Apparently, though unproven, at 00:25 on Friday 19 November 2010, Florian 
CROUZAT did opine thusly:

> On 18 nov. 2010, at 20:52, Paul Hartman wrote:
> > On Thu, Nov 18, 2010 at 8:27 AM, Stroller
> > 
> > <strol...@stellar.eclipse.co.uk> wrote:
> >> I think what really won my heart, and did so quite quickly, is that tmux
> >> has a status bar configured by default. I'm pretty sure you can do that
> >> with screen, too, but I've never bothered, because it seemed too much
> >> effort to learn and it just seemed flashy and pointless. I realised how
> >> mistaken I was within a couple of hours of using tmux. It has
> >> absolutely changed the way I use terminal multiplexers, and so I spent
> >> several hours the next day configuring mine and getting the colours and
> >> stuff perfect.
> > 
> > I have not used tmux but I agree completely, I hate to use screen
> > without the status bar. I'm using one I copied from here or the forums
> > or the gentoo wiki or someplace out there in WWW land. (Thanks to the
> > person who made it, whoever you are)
> > 
> > Add this to your .screenrc:
> > caption always "%{= kw}%-w%{= BW}%n %t%{-}%+w %-= @%H - %LD %d %LM - %c"
> 
> Also, amongst other things, >=tmux-1.3 has mouse support.

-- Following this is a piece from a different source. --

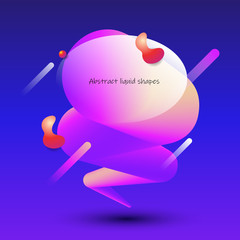 Minimal abstract 3d shape fluid and liquid gradient colorful background for layout, banner, poster, template, flyer. Vector modern graphic color design, Futuristic trendy dynamic pattern elements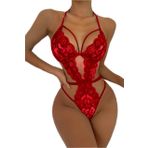 Fancy&Dancy Kadın Dantelli Tül Şık Babydoll Gecelik - Tek Parça İç Çamaşırı Bodysuit - 6800 (Kırmızı, Large)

> You can scroll using your mouse in copy mode and use your mouse to select
> one of the splitted panes of your active window. You can also break/join
> panes in and out the active window and it has awesome predefined layouts.
> I'll add that tmux has a readable and even understandable man page
                           ^^^^^^^^          ^^^^^^^^^^^^^^ ^^^ ^^^^

I'm sold. 4 words, that's all it took.